Random tilings of high symmetry: II. Boundary conditions and numerical studies

TL;DR

This paper uses numerical simulations to analyze high-symmetry random tilings with fixed boundary conditions, estimating their configurational entropy and comparing strained and unstrained cases.

Contribution

It provides detailed numerical analysis of boundary effects and entropy in high-symmetry random tilings, confirming mean-field predictions and exploring the thermodynamic limit.

Findings

Entropy approaches 0.568 per vertex in the continuous symmetry limit

Strained and unstrained tilings share the same entropy as predicted by mean-field theory

Fixed boundary entropy equals free boundary entropy in the thermodynamic limit

Abstract

We perform numerical studies including Monte Carlo simulations of high rotational symmetry random tilings. For computational convenience, our tilings obey fixed boundary conditions in regular polygons. Such tilings are put in correspondence with algorithms for sorting lists in computer science.

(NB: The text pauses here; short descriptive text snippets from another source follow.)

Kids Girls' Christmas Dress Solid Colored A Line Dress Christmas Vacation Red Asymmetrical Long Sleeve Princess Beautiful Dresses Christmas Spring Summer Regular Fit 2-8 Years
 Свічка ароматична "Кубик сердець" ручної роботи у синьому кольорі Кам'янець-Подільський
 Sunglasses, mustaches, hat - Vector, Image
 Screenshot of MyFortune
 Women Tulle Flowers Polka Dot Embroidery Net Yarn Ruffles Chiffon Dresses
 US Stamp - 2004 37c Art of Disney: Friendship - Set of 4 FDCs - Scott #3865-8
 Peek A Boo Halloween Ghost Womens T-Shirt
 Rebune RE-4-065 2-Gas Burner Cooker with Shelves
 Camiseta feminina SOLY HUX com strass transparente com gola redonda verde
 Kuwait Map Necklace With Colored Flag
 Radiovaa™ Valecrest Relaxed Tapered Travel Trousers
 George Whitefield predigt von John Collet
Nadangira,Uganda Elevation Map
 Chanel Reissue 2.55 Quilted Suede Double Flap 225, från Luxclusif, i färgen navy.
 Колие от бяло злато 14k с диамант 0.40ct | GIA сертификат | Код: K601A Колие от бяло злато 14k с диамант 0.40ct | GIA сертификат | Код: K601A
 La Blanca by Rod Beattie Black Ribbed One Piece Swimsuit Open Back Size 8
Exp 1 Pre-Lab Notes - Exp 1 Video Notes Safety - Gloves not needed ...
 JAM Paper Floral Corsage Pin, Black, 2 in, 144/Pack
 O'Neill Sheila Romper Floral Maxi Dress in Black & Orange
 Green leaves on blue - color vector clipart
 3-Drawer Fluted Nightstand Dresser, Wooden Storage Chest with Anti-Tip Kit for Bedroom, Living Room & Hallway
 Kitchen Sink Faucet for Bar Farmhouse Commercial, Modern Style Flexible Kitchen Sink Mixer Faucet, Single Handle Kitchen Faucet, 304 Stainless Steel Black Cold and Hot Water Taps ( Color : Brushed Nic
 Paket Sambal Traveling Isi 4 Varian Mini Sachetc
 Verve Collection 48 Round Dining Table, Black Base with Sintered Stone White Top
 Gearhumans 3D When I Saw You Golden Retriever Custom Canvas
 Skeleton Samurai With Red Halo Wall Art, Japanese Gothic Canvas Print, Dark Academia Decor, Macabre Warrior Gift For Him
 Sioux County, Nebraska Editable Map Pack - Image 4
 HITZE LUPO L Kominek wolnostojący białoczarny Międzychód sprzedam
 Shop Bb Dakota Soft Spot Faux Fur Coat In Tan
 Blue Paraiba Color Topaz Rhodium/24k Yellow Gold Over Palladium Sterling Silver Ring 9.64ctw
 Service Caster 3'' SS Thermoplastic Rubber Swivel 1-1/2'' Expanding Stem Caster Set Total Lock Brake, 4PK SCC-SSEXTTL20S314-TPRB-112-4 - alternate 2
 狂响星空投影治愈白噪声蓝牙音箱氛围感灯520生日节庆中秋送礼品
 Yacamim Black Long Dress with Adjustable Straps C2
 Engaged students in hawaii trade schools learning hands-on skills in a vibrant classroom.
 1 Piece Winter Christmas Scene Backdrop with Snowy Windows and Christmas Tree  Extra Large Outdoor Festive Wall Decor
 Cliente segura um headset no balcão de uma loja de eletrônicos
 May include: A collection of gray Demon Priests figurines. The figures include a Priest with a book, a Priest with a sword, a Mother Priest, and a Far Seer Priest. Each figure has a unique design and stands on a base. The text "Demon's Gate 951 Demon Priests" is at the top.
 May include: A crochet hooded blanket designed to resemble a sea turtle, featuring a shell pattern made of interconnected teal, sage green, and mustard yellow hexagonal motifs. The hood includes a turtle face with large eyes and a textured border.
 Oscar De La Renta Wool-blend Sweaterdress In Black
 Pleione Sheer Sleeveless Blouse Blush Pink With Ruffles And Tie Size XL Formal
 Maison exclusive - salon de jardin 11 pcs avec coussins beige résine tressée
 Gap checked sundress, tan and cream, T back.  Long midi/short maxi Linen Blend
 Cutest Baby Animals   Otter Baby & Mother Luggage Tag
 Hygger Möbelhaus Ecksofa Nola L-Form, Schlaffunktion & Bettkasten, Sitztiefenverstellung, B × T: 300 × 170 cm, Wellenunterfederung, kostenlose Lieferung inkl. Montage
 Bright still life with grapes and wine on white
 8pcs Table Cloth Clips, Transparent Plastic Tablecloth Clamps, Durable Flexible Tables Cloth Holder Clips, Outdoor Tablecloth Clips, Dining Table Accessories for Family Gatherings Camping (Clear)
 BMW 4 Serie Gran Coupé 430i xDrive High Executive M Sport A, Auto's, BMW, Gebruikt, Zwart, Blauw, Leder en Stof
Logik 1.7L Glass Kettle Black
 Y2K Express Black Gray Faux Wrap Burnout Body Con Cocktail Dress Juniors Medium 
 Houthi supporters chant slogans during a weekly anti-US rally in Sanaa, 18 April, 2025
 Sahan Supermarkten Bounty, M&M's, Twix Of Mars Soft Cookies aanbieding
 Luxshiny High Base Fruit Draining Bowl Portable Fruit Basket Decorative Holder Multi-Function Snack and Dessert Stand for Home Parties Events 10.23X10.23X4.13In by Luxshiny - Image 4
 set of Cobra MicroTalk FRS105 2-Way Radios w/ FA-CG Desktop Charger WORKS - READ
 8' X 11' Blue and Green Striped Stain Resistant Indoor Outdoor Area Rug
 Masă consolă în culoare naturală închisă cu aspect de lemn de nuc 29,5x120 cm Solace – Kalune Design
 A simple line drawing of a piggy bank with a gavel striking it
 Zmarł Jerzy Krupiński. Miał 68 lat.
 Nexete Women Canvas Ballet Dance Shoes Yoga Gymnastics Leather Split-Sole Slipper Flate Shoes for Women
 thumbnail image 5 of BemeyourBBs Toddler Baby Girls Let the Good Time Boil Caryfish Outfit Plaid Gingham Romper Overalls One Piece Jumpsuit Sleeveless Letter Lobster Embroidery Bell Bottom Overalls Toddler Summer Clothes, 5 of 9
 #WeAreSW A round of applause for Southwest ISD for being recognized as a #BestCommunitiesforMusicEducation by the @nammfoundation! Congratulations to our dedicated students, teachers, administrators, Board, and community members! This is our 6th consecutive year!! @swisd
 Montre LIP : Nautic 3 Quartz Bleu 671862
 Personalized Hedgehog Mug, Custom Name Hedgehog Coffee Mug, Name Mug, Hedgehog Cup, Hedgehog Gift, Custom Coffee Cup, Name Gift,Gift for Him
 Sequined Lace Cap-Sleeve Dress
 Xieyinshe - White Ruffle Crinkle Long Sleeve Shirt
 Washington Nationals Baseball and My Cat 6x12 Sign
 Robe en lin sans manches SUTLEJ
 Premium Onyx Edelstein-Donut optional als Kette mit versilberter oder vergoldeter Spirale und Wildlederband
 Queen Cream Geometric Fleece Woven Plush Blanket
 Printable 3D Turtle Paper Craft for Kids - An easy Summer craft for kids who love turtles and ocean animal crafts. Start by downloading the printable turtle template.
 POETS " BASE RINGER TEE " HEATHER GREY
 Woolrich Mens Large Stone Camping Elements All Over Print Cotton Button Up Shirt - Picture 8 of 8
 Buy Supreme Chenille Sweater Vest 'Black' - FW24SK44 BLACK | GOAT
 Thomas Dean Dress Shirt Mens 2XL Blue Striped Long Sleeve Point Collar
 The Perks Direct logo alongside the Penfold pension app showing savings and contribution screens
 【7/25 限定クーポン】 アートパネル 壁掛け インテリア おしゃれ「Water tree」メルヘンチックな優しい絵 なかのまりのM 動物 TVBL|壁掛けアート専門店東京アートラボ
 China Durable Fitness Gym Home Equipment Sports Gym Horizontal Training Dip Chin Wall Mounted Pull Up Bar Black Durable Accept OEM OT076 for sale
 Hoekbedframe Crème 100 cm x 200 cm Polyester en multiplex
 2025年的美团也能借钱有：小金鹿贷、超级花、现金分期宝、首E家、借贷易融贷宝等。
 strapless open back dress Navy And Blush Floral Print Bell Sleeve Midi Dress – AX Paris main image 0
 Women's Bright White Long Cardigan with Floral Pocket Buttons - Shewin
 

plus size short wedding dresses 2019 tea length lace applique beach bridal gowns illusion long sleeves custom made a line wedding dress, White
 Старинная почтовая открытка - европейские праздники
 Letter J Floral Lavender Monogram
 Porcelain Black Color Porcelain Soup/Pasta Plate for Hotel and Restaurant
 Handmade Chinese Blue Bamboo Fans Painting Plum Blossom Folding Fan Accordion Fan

We obtain statistics on path counting and vertex coordination which compare well with predictions of mean-field theory and allow estimation of the configurational entropy, which tends to the value 0.568 per vertex in the limit of continuous symmetry. Tilings with phason strain appear to share the same entropy as unstrained tilings, as predicted by mean-field theory. We consider the thermodynamic limit and argue that the limiting fixed boundary entropy equals the limiting free boundary entropy, although these differ for finite rotational symmetry.